Key takeaway: Assisting and abetting money laundering is a serious offence that carries a lengthy prison sentence.
Summary: Germany’s Federal Financial Supervisory authority BaFin, fined digital bank N26 relating to the late filing of 50 suspicious activity reports in 2019 and 2020. BaFin had already warned N26 and appointed a special commissioner to monitor N26’s compliance with an order to implement internal controls and comply with KYC and AML customer due diligence requirements.
The regulator said N26 needed to remediate backlogs in its AML monitoring system and re-verify several customers in its platform.
Key takeaway: Suspicious activity reports must always be filed to law and regulatory enforcement agencies on time. Alerts generated in AML transaction monitoring systems must always be remediated.
Summary: TSB Bank was ordered by the high court to pay $3.5 million for breaching AML regulations. The bank admitted it did not have adequate and effective controls for monitoring and mitigating compliance risks.

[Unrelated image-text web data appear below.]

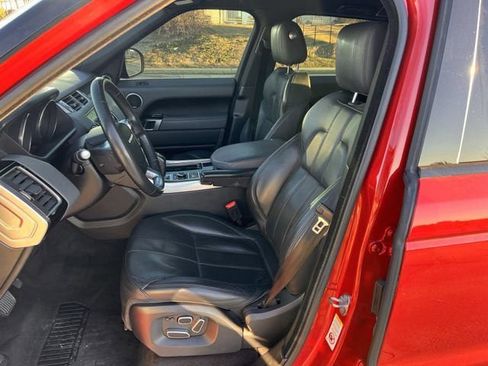Used 2015 Land Rover Range Rover Sport HSE image 24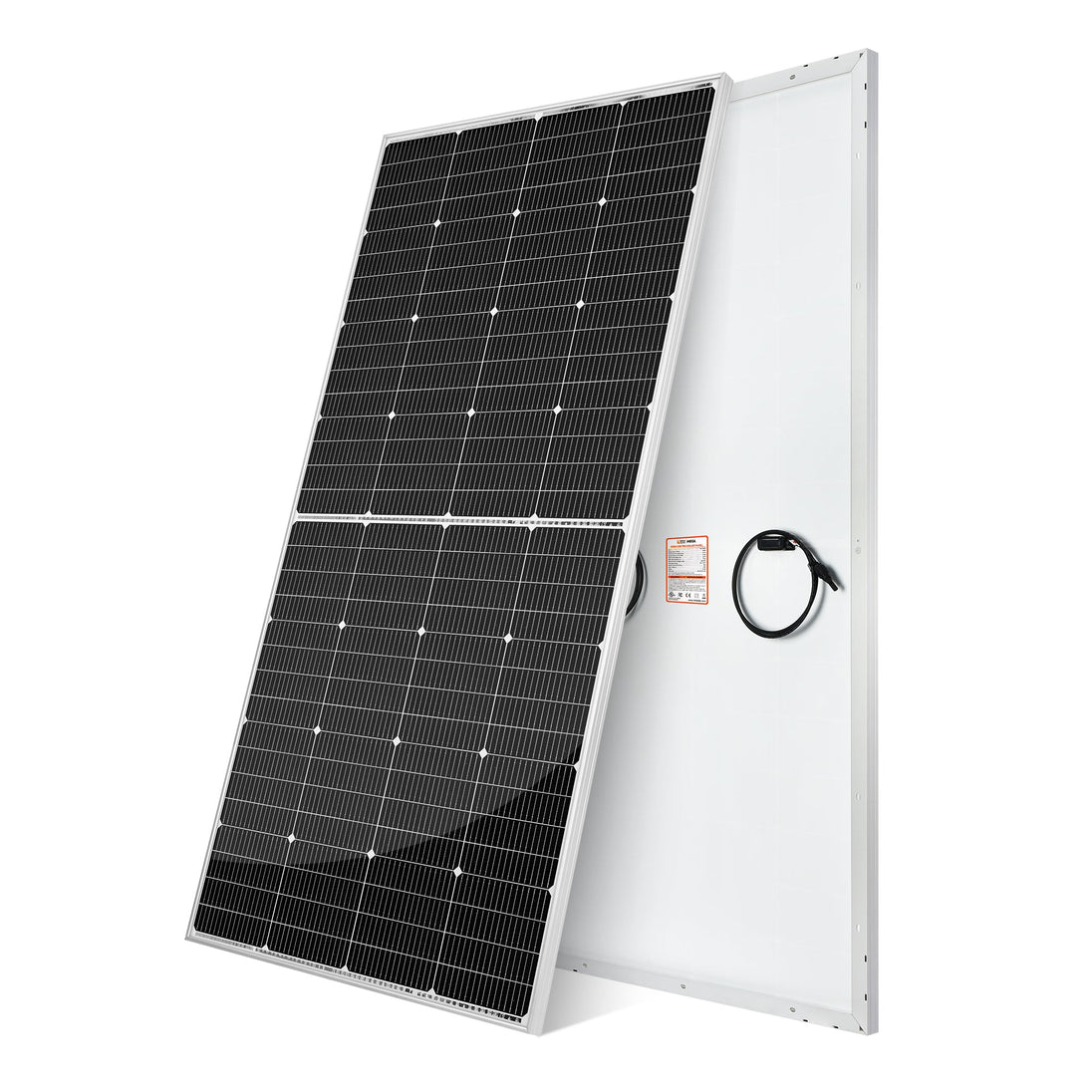Rich Solar 250W 24V MEGA PRO Solar Panel UL Certified 25 Year Warranty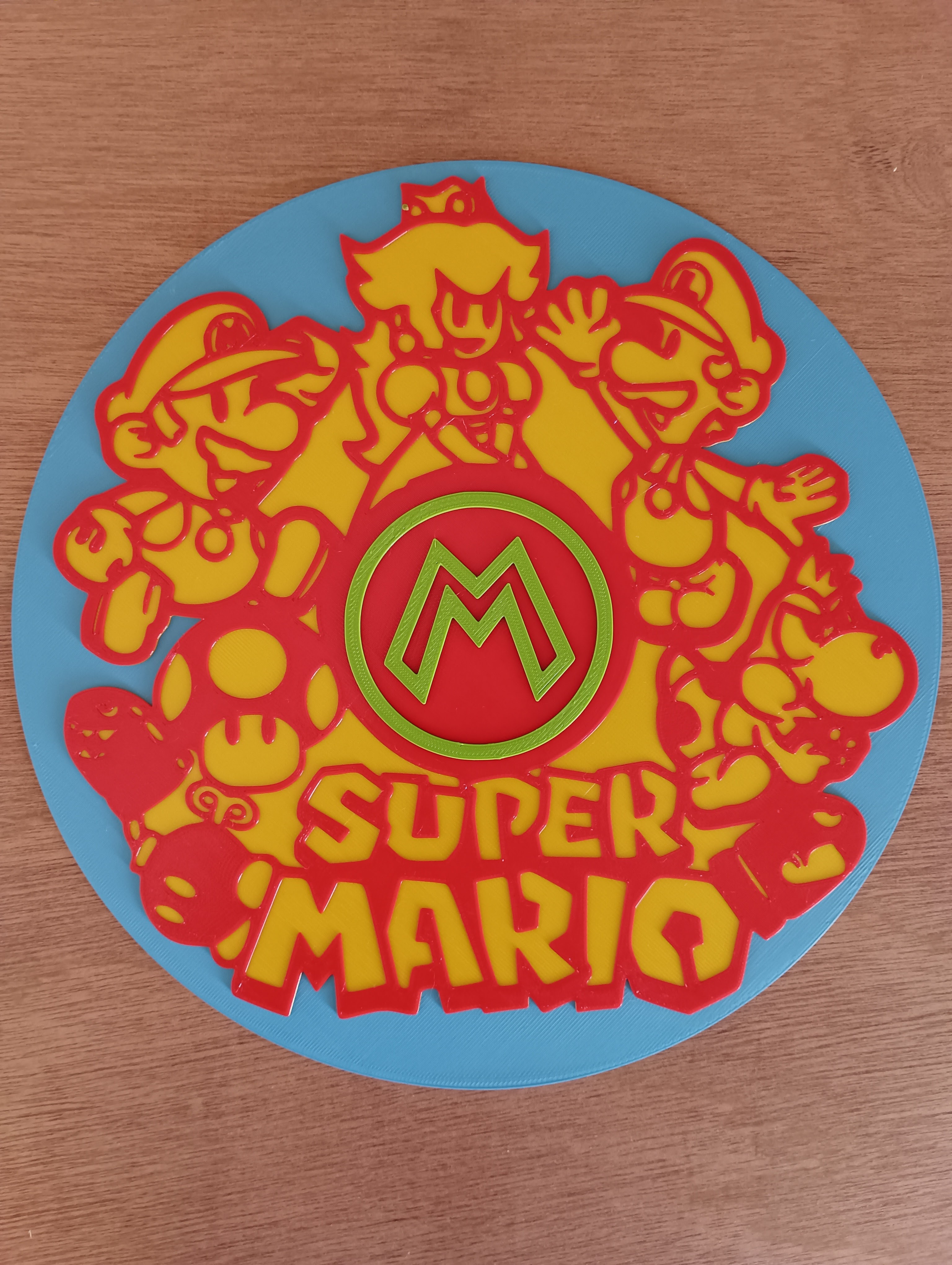 Super Mario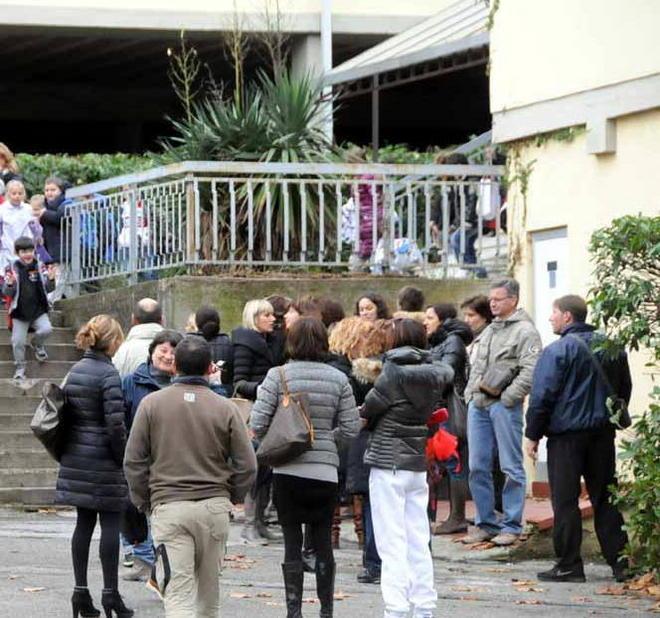 Cessata l’emergenza per la scuola Pascoli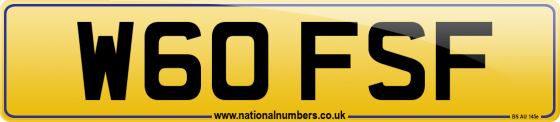 W60 FSF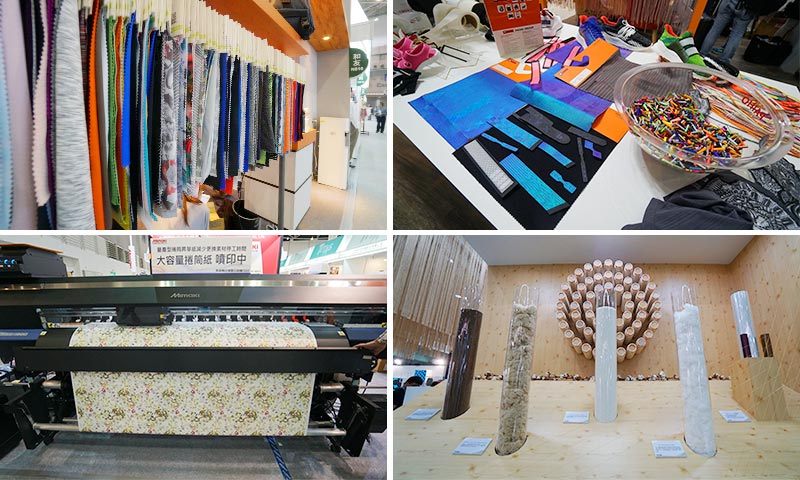 台北紡織展攤位設計 (3)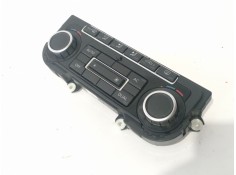 Recambio de mando climatizador para volkswagen tiguan (5n_) 2.0 tdi 4motion referencia OEM IAM 5K0907044BS 5HB00974640 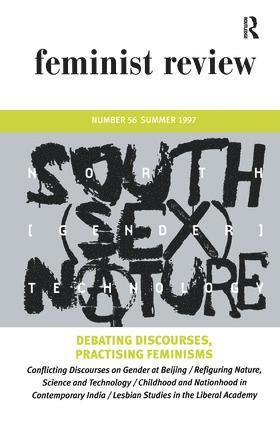 The Feminist Review Collective - Debating Discourses, Practising Feminisms, Inbunden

TSB failed to review and maintain its AML compliance programme and conduct risks assessments with respect to high-risk jurisdictions and high-risk sectors such as real estate. The fine comes five years after the bank was warned by the regulator for compliance failures.
Key takeaway: Banks should ensure AML/CFT policies, procedures and controls are regularly updated. High-risk activities including risky jurisdictions, sectors, high-risk customers, and products should be managed effectively as a priority.
Bank of China UK
Summary: Bank of China UK (BOC UK) settled a $2.3 million dollar fine with OFAC due to violations of the Sudan sanctions program. Between September 2014 and February 2016, BOC UK exported financial services from the U.S. by processing over 111 commercial transactions for over $40 million in total through the U.S. financial system on behalf of third parties in Sudan.
BOC UK’s internal customer database and outgoing SWIFT messages did not include any references to Sudan. Furthermore, BOC UK’s compliance team did not appropriately evaluate and escalate potential transactions with ties to Sudan. The transactions sent via U.S. correspondents were in breach of the Sudanese Sanctions Regulations. Certain sanctions with respect to Sudan were revoked in December 2020.
Key takeaway: The U.S. aggressively enforces its economic sanctions policy not only against U.S. entities but also foreign overseas businesses with connections to the U.S.
Summary: Payoneer, a leading financial services company providing online money transfer and digital payment services, agreed to settle a $1.4 million settlement with the U.S. Department of Treasury’s Office of Foreign Assets Control (OFAC) for 2,260 sanction breaches. Payoneer was found to have processed payments for third parties in sanctioned countries including Iran, Sudan, Syria, and the Crimea region of Ukraine along with payments of sanctioned individuals on OFAC’s SDN List.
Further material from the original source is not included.